Beginning with the line that holds "3rd image of 213 Larabee St #1-7", copy each line through the end of the material below, exactly and with no pictures.

——

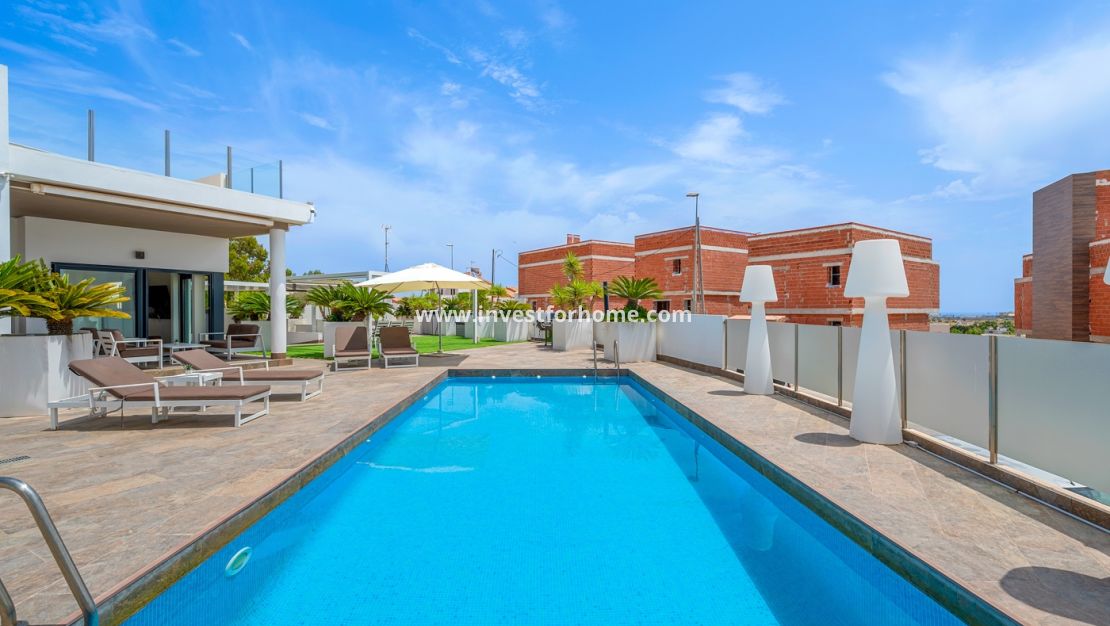 Reventa - Chalet - Orihuela Costa - Villamartín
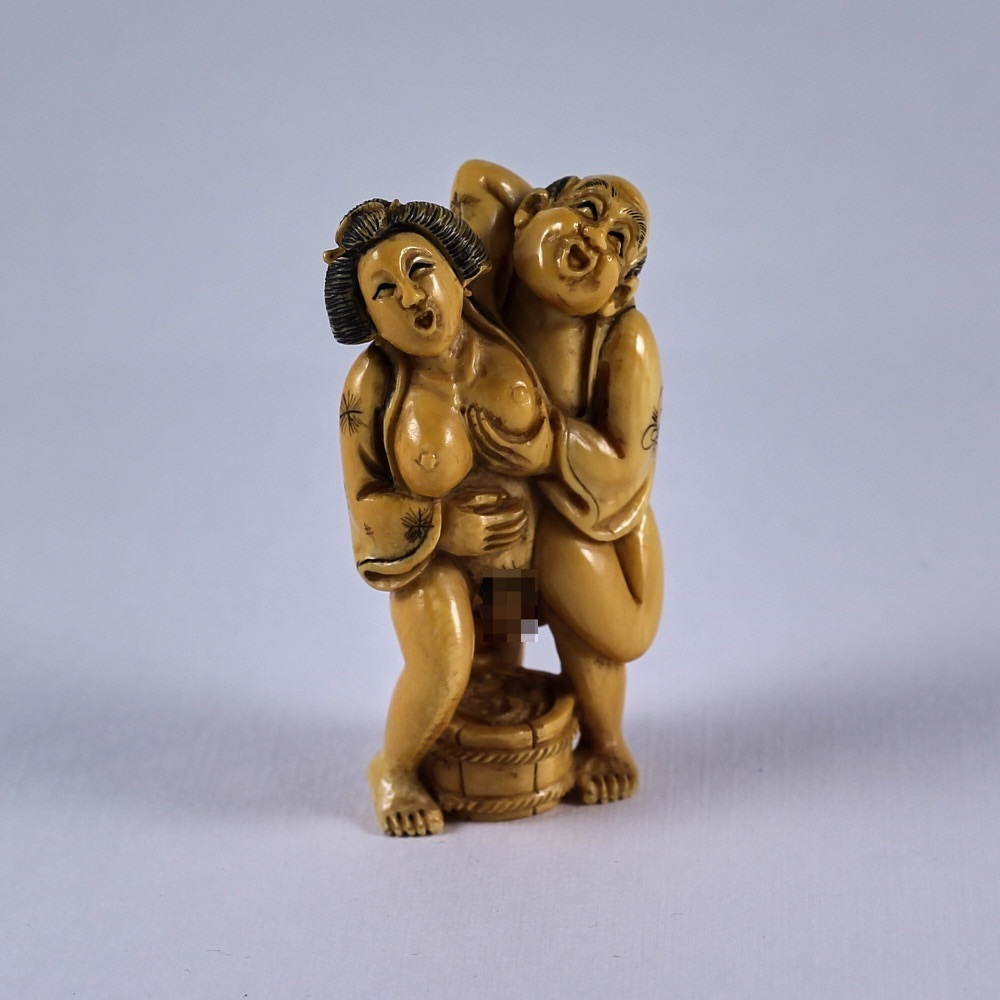 Эротическая статуэтка нэцкэ Любовь в одежде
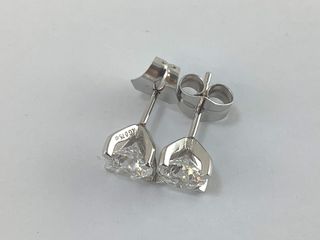 pendientes oro 18k con piedra con diamante de laboratorio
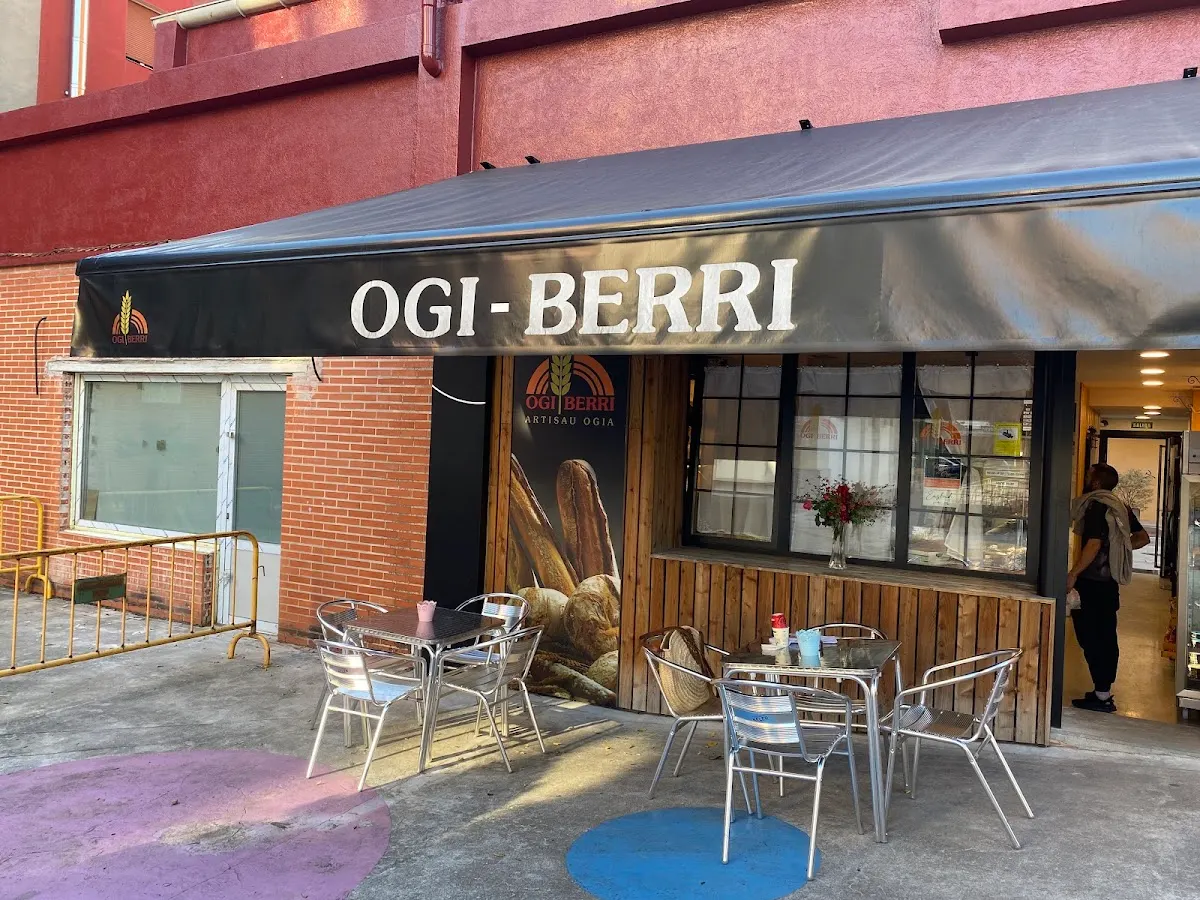 Exterior de Enxebre, con terraza y rótulo de panadería.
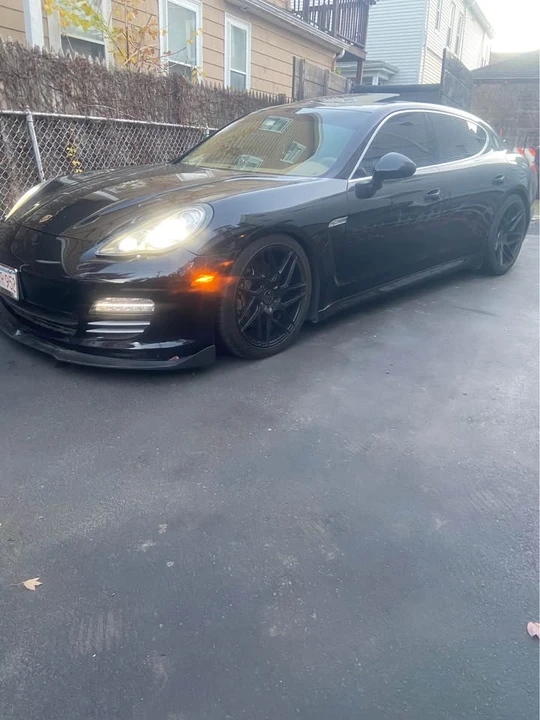 2011 Porsche 970 Panamera 4S - Image 4 of 4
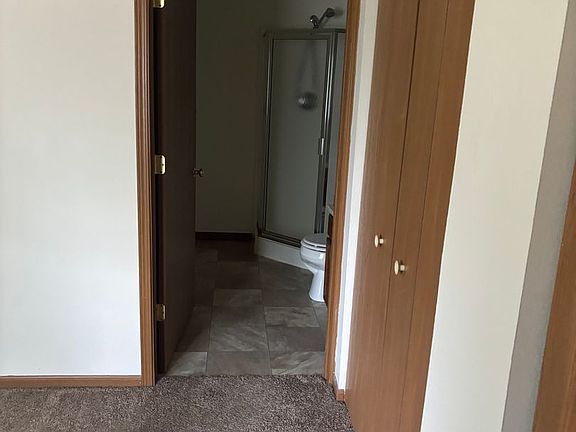 3rd image of 213 Larabee St #1-7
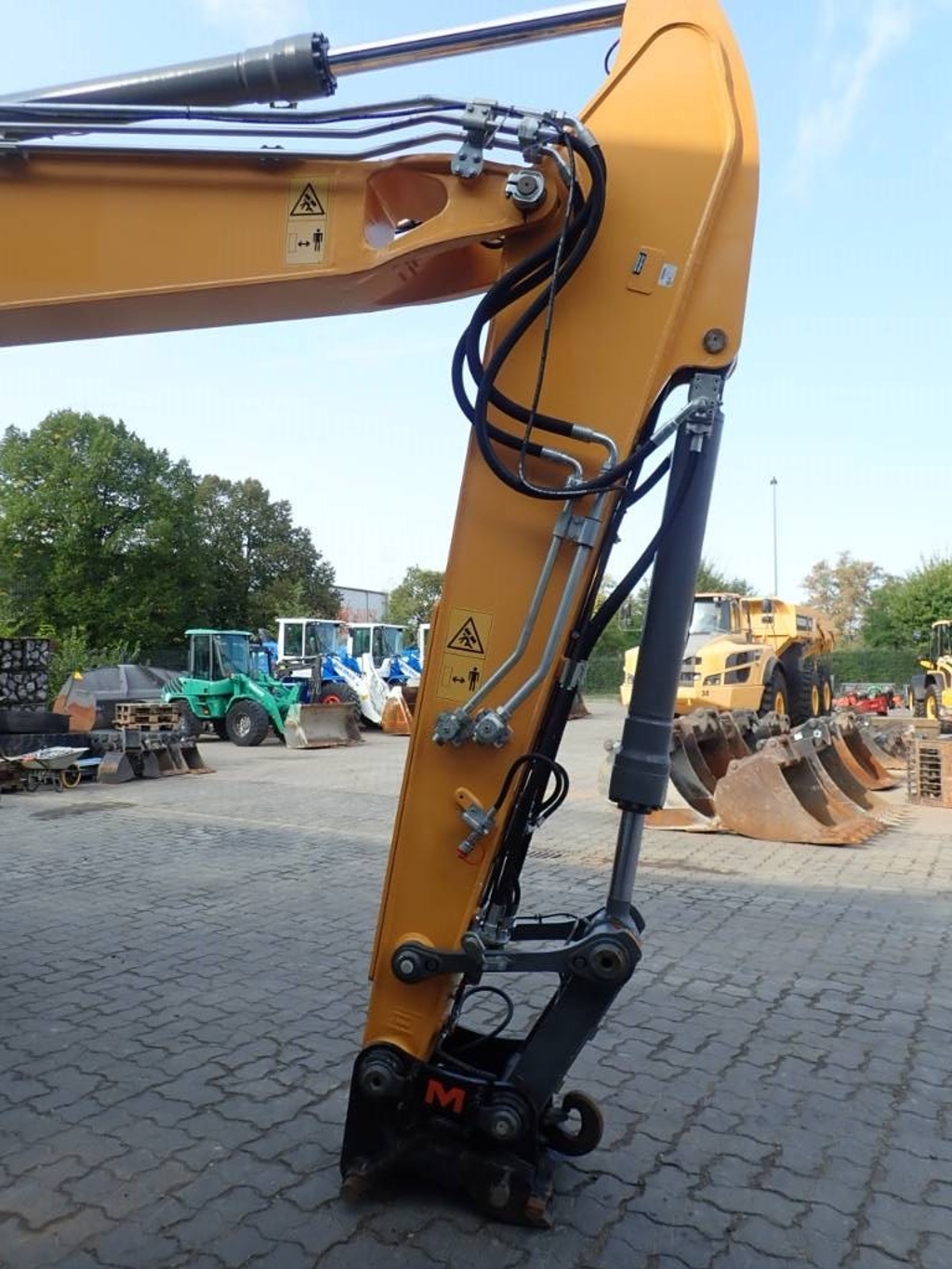 liebherr-r-922-lc,2336dc2c.jpg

——

Task result -
 3rd image of 213 Larabee St #1-7
 liebherr-r-922-lc,2336dc2c.jpg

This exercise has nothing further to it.